Is the freeze on industrial rental rates about to thaw?
Significant rise in the price per sqm for land would suggest that change is imminent.
Across the Eastern Seaboard the hunt to acquire quality industrial land is increasing exponentially. This insatiable appetite shows no signs of abating as local REIT’s look to grow their portfolios through development and owner occupiers, buoyed by improved business conditions and a historically low interest rate environment, seek to secure long term operational sites with greater efficiencies. The question being asked by many is – “how high can land values go before there is marked rental growth and or incentives start to plateau?” Or are we already seeing this occurring?
To put this in perspective it is interesting to look at the upward trajectory in land values across the major markets. Sydney continues to be the standout with two recent transactions (5.0ha plus) in Eastern Creek achieving land rates circa $600/sqm with considerable purchaser depth for alternative opportunities. This compares with a value of $400/sqm only two years ago – a 50% uplift.
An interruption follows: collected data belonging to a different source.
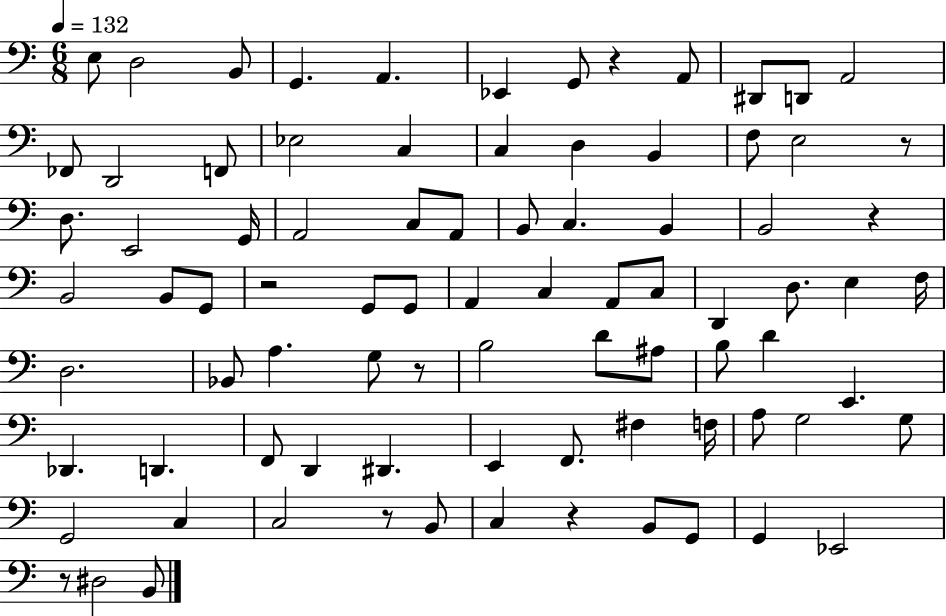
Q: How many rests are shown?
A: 8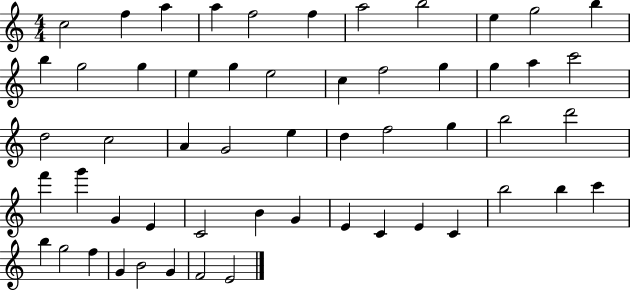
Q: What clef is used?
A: treble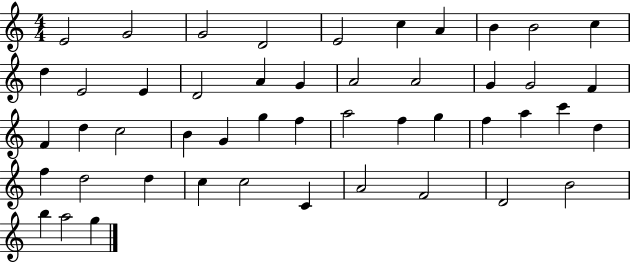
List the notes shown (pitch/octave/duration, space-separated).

E4/h G4/h G4/h D4/h E4/h C5/q A4/q B4/q B4/h C5/q D5/q E4/h E4/q D4/h A4/q G4/q A4/h A4/h G4/q G4/h F4/q F4/q D5/q C5/h B4/q G4/q G5/q F5/q A5/h F5/q G5/q F5/q A5/q C6/q D5/q F5/q D5/h D5/q C5/q C5/h C4/q A4/h F4/h D4/h B4/h B5/q A5/h G5/q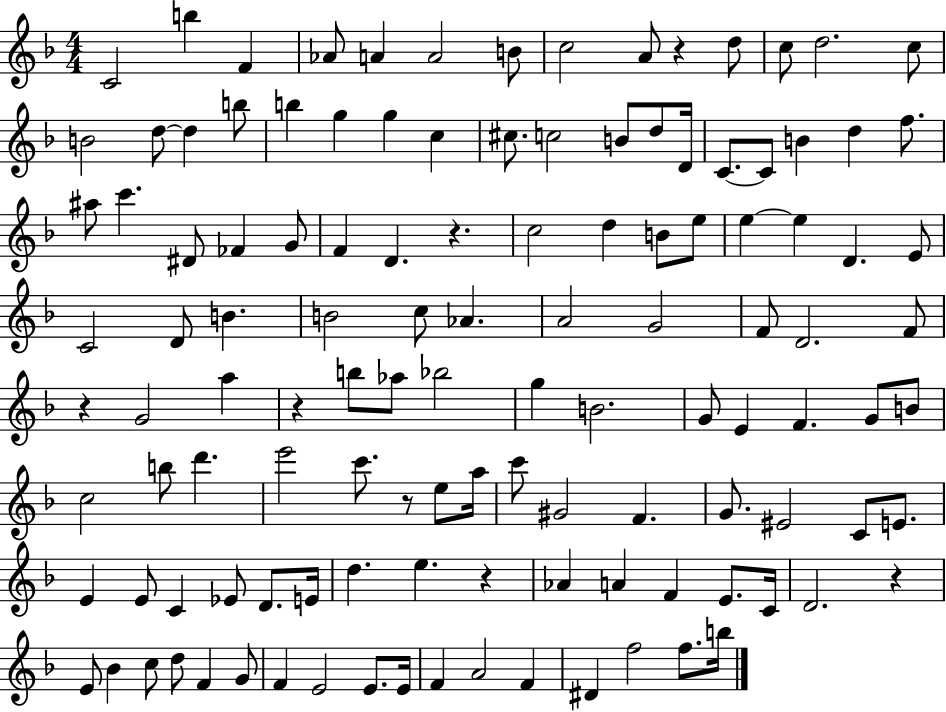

Melbourne, often thought of as having an abundance of industrial land, is achieving prices in excess of $200/sqm which is a 30–40% uplift over the same period. Whilst in Brisbane’s industrial northern and southern precincts we are consistently witnessing transactions in excess of $350/sqm which suggests a similar (%) increase to its southern neighbours.
The burning question, “are we on the cusp of bucking the long term trend of nominal industrial rental growth (1–2% per annum) and rising incentives?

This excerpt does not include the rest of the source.